### RECORDED INFORMATION
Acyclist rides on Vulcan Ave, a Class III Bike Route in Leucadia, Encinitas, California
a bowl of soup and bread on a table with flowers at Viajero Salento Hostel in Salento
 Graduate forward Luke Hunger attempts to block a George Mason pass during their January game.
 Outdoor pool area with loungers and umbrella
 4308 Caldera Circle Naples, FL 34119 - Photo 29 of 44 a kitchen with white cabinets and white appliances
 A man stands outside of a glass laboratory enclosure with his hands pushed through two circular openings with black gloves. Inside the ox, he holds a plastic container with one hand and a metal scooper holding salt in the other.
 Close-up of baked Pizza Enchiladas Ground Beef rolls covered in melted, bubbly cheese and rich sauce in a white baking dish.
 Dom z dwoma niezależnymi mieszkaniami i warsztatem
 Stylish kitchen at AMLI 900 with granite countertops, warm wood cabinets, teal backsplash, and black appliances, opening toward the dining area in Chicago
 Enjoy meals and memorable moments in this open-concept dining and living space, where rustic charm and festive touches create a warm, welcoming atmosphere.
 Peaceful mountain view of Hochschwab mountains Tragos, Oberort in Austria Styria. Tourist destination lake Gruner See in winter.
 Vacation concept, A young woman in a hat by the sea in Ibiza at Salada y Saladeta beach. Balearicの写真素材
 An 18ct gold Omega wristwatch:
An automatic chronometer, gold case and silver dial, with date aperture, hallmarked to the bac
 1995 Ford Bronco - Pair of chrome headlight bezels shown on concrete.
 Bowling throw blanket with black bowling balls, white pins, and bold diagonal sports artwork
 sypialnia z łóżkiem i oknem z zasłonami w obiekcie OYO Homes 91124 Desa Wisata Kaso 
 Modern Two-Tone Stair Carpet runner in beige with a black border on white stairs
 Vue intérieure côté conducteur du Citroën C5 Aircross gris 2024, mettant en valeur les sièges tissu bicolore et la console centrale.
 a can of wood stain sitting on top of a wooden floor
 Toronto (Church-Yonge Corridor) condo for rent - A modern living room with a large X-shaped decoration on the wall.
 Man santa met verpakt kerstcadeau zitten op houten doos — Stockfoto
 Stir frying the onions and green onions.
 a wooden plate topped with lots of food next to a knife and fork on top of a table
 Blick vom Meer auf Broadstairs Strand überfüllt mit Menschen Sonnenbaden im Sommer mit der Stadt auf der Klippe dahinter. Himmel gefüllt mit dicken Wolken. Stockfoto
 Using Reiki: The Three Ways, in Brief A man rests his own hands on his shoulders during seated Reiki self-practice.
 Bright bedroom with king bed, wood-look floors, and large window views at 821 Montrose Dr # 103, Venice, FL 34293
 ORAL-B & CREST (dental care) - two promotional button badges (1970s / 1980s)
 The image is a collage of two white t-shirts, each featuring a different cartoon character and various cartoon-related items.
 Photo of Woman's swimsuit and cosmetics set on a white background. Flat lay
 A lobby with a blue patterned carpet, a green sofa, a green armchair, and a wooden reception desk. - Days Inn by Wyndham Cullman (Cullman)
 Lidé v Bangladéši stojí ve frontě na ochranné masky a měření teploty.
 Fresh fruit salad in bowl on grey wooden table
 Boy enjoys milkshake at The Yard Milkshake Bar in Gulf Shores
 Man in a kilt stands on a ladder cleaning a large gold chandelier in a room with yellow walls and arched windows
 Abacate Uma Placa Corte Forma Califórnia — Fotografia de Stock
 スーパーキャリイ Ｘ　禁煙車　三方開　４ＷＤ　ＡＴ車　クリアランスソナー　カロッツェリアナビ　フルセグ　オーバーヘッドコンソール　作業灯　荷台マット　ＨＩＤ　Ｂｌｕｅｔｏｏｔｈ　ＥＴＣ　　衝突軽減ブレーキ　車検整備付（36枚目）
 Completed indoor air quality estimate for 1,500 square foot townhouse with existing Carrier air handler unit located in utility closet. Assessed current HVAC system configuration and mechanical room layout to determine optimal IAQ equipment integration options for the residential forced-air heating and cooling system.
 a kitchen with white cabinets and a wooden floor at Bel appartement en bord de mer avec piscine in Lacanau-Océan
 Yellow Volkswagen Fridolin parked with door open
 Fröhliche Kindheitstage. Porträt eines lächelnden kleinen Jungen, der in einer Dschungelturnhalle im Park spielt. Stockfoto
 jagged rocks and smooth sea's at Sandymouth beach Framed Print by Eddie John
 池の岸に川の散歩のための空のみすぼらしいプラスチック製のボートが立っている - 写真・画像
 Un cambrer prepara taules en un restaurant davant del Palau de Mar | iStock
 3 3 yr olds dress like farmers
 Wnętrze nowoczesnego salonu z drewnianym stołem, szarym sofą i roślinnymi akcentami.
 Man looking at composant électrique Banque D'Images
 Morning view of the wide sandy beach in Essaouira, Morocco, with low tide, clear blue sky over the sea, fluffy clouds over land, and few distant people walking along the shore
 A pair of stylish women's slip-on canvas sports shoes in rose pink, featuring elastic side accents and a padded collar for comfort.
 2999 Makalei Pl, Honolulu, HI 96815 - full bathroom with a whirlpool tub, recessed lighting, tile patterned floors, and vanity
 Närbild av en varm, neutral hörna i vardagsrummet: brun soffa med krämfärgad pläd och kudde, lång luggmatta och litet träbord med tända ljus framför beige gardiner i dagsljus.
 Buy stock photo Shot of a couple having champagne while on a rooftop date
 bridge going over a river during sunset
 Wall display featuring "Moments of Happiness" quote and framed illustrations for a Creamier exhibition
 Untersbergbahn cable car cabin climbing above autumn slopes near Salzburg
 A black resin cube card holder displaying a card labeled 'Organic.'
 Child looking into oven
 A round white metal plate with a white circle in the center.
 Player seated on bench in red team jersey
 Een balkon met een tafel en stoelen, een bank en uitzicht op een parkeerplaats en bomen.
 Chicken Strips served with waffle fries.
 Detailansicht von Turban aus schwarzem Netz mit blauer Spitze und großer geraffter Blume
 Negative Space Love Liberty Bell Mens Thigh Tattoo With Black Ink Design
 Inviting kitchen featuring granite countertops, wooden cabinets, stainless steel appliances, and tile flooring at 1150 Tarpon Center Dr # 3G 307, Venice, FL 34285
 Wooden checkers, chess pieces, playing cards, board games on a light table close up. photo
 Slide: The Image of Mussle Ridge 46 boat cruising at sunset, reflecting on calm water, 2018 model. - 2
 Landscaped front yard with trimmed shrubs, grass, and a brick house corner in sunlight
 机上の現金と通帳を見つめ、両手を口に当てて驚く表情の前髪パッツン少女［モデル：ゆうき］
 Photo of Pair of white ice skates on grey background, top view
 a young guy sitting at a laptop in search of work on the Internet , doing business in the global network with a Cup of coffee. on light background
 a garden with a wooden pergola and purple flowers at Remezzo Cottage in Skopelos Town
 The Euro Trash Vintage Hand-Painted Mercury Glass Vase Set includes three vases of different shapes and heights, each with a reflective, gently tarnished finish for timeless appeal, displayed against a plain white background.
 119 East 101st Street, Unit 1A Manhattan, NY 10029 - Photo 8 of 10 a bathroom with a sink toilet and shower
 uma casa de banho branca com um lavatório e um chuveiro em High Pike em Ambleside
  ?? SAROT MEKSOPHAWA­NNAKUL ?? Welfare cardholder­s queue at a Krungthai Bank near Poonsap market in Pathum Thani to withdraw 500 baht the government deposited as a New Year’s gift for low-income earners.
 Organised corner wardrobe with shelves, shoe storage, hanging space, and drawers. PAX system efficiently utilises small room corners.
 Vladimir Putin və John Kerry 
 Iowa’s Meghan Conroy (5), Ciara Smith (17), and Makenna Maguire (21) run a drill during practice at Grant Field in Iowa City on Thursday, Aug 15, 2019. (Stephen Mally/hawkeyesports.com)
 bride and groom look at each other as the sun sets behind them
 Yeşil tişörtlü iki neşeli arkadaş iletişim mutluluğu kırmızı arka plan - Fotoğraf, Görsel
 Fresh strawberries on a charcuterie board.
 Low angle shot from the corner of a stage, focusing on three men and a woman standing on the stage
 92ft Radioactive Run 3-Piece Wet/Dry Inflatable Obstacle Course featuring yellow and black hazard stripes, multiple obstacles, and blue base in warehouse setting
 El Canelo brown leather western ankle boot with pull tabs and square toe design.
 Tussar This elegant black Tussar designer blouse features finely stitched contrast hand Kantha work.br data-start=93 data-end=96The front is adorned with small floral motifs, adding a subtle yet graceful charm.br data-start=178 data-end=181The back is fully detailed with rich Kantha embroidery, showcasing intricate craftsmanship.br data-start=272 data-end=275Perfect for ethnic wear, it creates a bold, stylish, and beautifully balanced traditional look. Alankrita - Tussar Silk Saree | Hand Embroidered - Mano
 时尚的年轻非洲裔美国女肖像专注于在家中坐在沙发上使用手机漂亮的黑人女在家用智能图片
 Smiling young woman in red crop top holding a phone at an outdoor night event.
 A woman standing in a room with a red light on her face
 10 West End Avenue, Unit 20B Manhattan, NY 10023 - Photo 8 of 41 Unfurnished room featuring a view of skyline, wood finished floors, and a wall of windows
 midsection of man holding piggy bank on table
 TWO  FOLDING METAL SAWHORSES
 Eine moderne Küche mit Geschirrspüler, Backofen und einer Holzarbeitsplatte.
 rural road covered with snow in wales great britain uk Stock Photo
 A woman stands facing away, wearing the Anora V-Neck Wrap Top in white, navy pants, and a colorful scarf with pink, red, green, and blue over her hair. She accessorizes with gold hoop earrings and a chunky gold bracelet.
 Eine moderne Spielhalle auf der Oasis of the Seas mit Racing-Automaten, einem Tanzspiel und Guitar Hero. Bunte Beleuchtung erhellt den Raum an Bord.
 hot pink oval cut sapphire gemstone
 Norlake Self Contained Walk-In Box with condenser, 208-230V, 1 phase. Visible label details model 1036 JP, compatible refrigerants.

### EXERCISE DETAILS
Repeat the material above exactly, beginning with its first line and ending with the line that holds "a wooden plate", and leave out everything else.

### TASK RESPONSE
Acyclist rides on Vulcan Ave, a Class III Bike Route in Leucadia, Encinitas, California
a bowl of soup and bread on a table with flowers at Viajero Salento Hostel in Salento
 Graduate forward Luke Hunger attempts to block a George Mason pass during their January game.
 Outdoor pool area with loungers and umbrella
 4308 Caldera Circle Naples, FL 34119 - Photo 29 of 44 a kitchen with white cabinets and white appliances
 A man stands outside of a glass laboratory enclosure with his hands pushed through two circular openings with black gloves. Inside the ox, he holds a plastic container with one hand and a metal scooper holding salt in the other.
 Close-up of baked Pizza Enchiladas Ground Beef rolls covered in melted, bubbly cheese and rich sauce in a white baking dish.
 Dom z dwoma niezależnymi mieszkaniami i warsztatem
 Stylish kitchen at AMLI 900 with granite countertops, warm wood cabinets, teal backsplash, and black appliances, opening toward the dining area in Chicago
 Enjoy meals and memorable moments in this open-concept dining and living space, where rustic charm and festive touches create a warm, welcoming atmosphere.
 Peaceful mountain view of Hochschwab mountains Tragos, Oberort in Austria Styria. Tourist destination lake Gruner See in winter.
 Vacation concept, A young woman in a hat by the sea in Ibiza at Salada y Saladeta beach. Balearicの写真素材
 An 18ct gold Omega wristwatch:
An automatic chronometer, gold case and silver dial, with date aperture, hallmarked to the bac
 1995 Ford Bronco - Pair of chrome headlight bezels shown on concrete.
 Bowling throw blanket with black bowling balls, white pins, and bold diagonal sports artwork
 sypialnia z łóżkiem i oknem z zasłonami w obiekcie OYO Homes 91124 Desa Wisata Kaso 
 Modern Two-Tone Stair Carpet runner in beige with a black border on white stairs
 Vue intérieure côté conducteur du Citroën C5 Aircross gris 2024, mettant en valeur les sièges tissu bicolore et la console centrale.
 a can of wood stain sitting on top of a wooden floor
 Toronto (Church-Yonge Corridor) condo for rent - A modern living room with a large X-shaped decoration on the wall.
 Man santa met verpakt kerstcadeau zitten op houten doos — Stockfoto
 Stir frying the onions and green onions.
 a wooden plate topped with lots of food next to a knife and fork on top of a table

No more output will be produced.